Exercise details
Skip the pictures and write out, word for word, the lines below from the one with "Opel Combo LIFE" through the one with "Vestido para Fiesta", inclusive.

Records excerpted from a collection
──────

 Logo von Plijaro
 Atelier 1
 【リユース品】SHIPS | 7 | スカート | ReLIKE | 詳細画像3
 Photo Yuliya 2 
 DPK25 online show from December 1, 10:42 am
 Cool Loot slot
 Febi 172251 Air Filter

──────

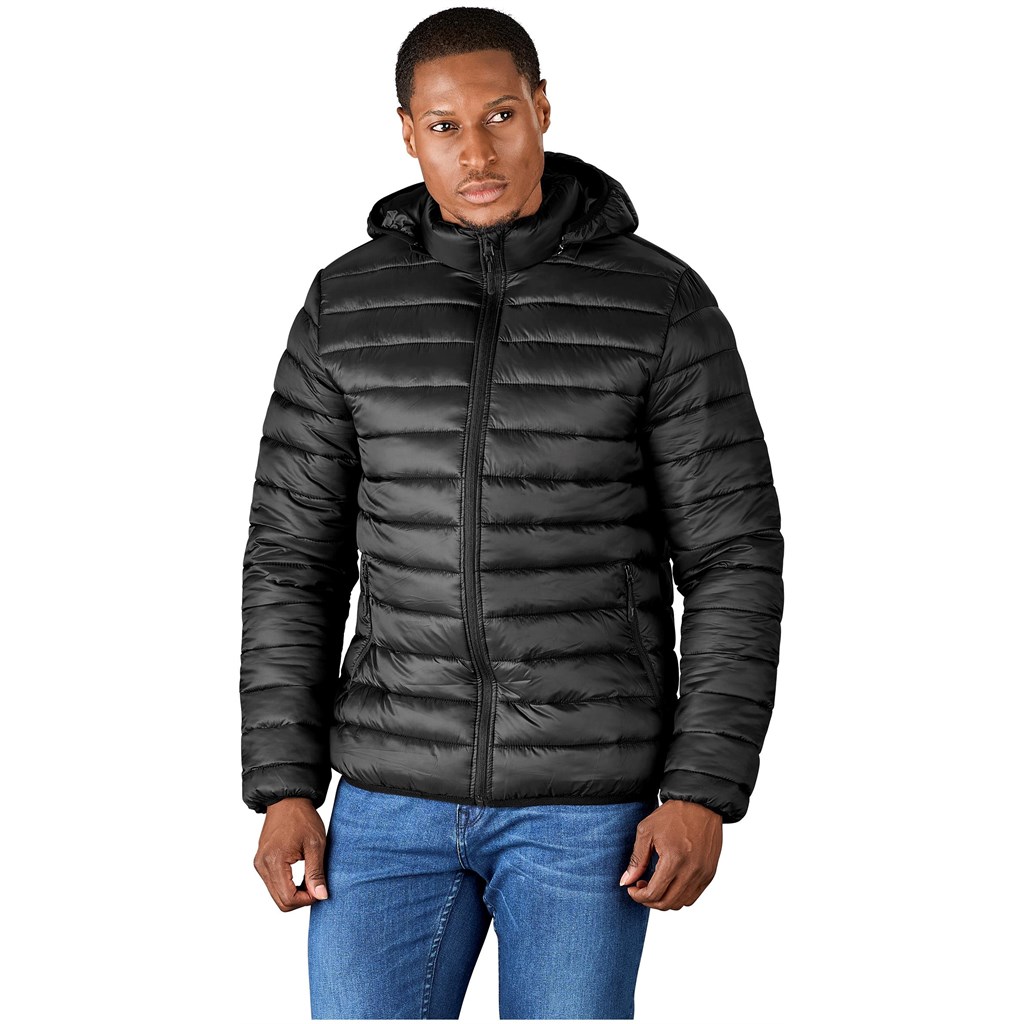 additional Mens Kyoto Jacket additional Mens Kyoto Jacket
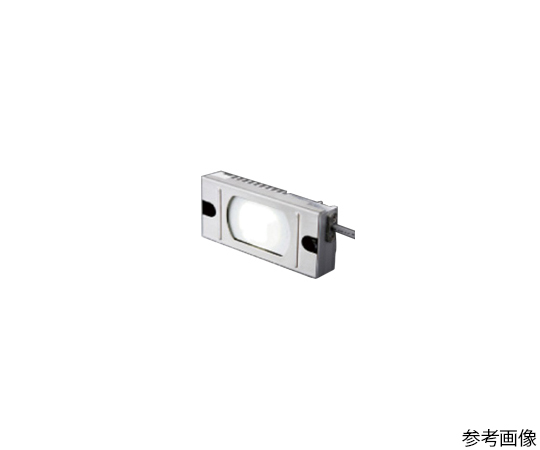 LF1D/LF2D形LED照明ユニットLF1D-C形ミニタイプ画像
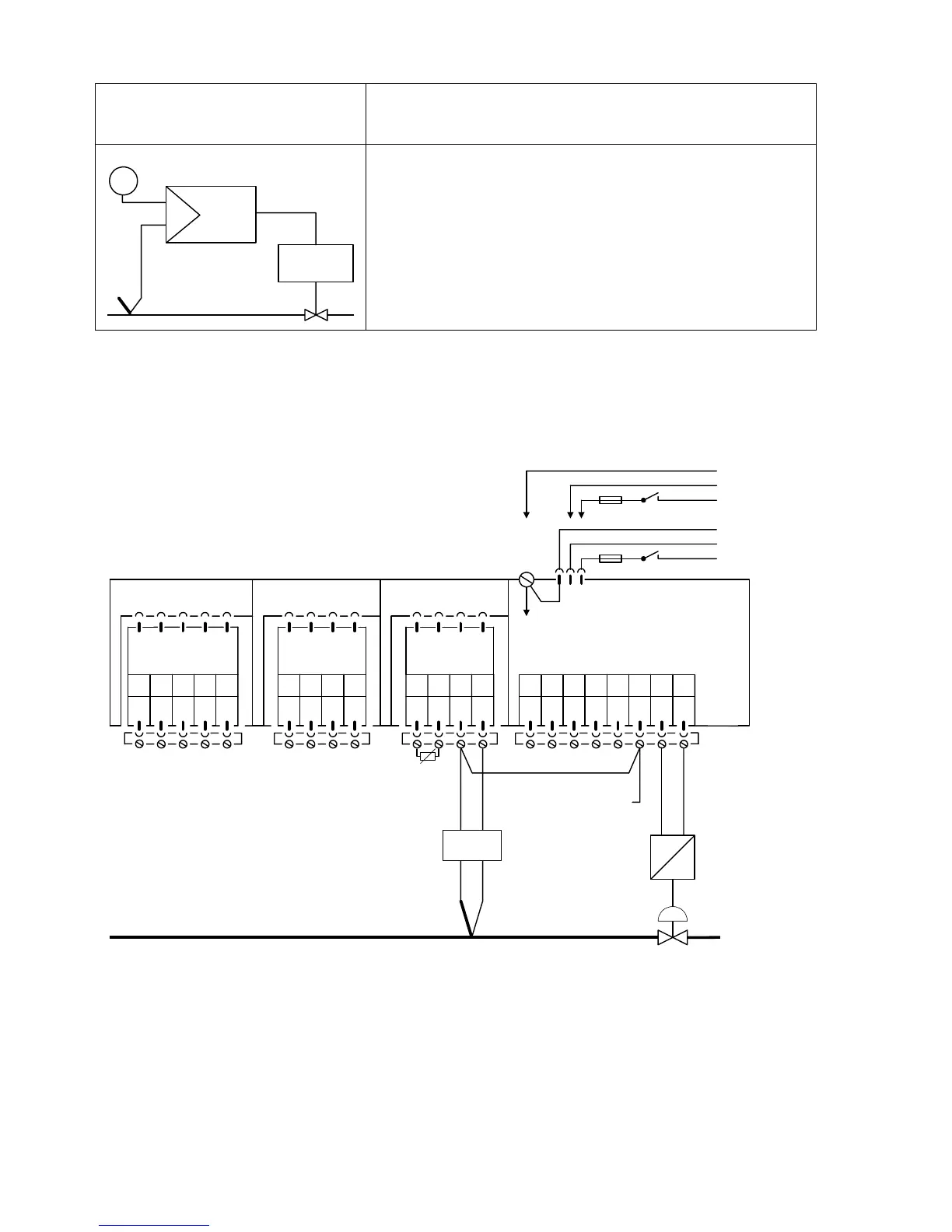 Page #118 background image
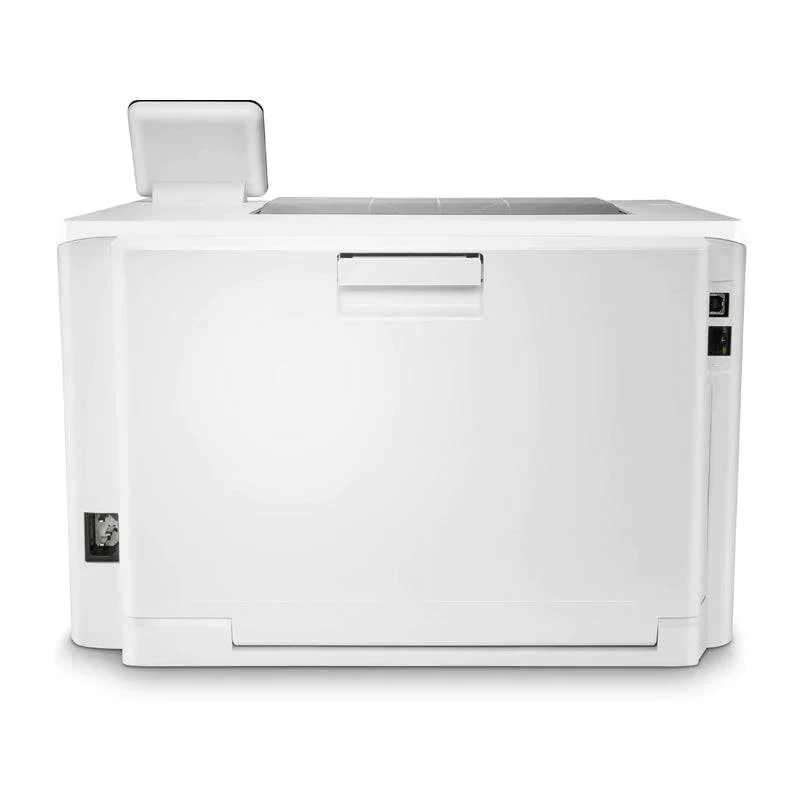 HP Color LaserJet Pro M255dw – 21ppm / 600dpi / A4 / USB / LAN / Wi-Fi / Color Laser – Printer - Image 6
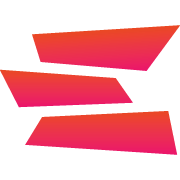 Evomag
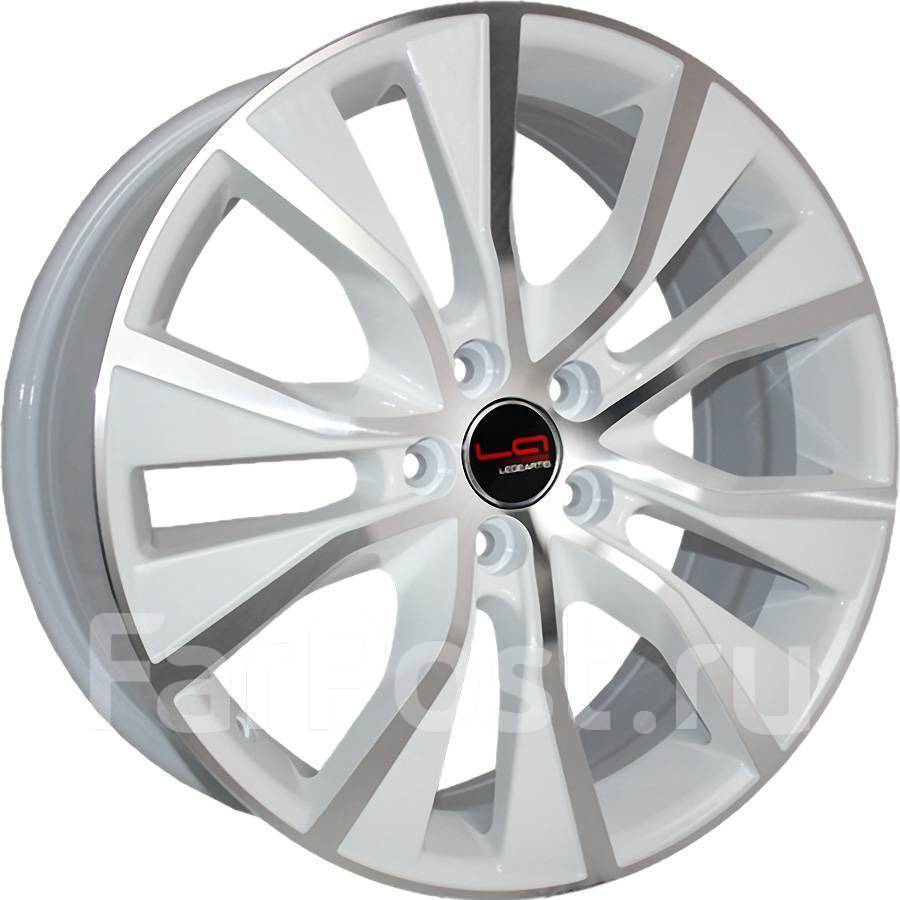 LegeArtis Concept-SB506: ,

──────

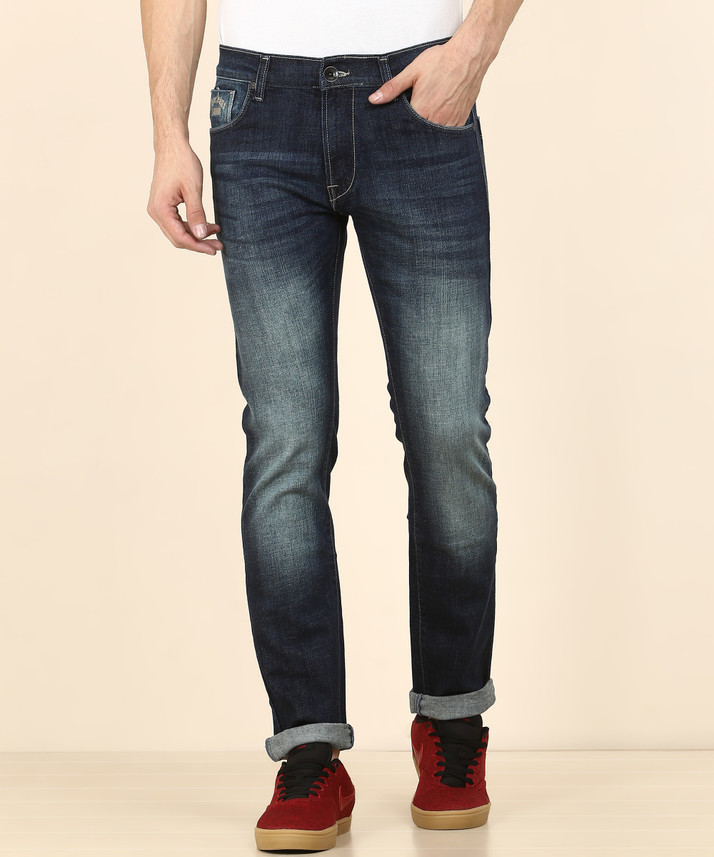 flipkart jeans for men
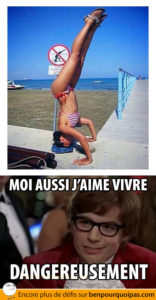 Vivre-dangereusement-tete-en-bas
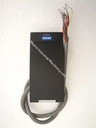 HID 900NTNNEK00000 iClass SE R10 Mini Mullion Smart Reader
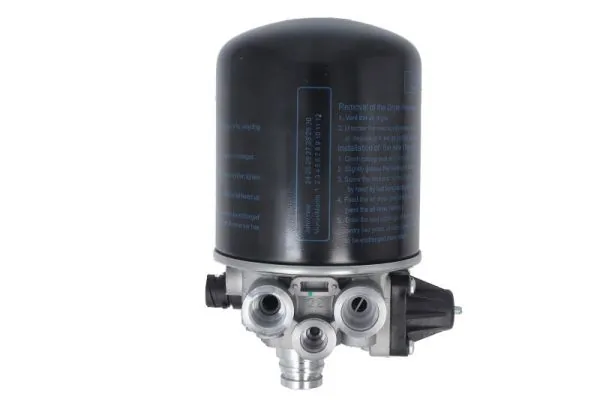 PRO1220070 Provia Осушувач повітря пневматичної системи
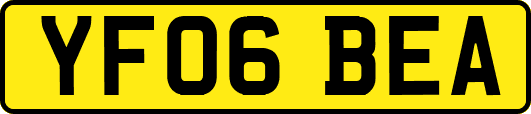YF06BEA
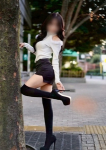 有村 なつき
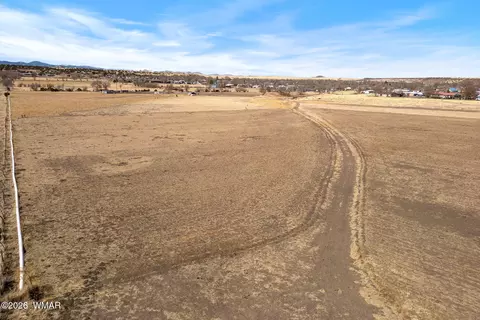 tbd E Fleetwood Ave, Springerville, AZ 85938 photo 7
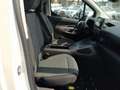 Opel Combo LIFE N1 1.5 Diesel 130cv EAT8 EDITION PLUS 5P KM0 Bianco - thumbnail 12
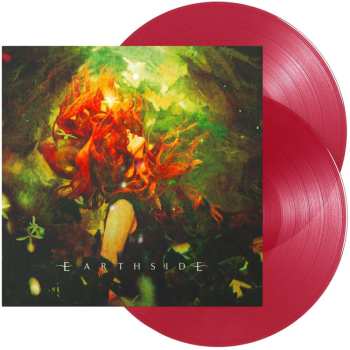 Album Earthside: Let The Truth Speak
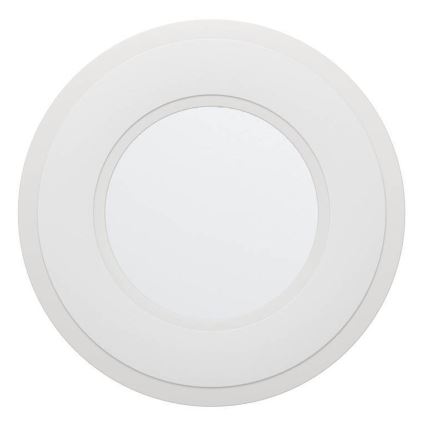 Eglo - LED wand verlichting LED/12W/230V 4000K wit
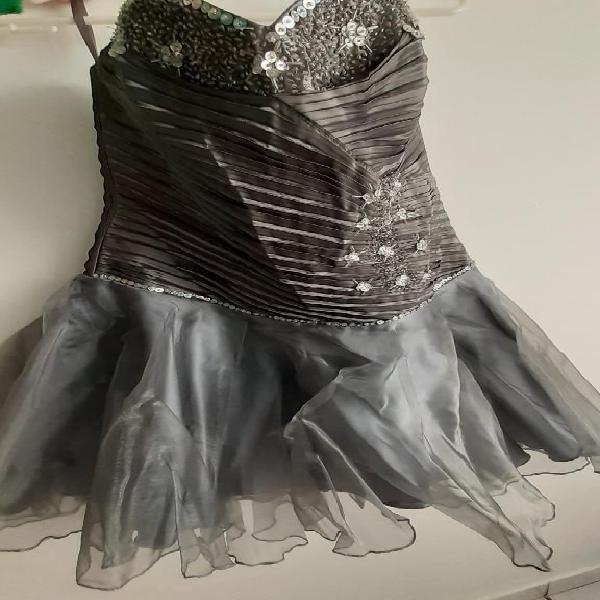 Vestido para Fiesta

──────

Output for this exercise
 Opel Combo LIFE N1 1.5 Diesel 130cv EAT8 EDITION PLUS 5P KM0 Bianco - thumbnail 12
 Album Earthside: Let The Truth Speak
 Eglo - LED wand verlichting LED/12W/230V 4000K wit
 Vestido para Fiesta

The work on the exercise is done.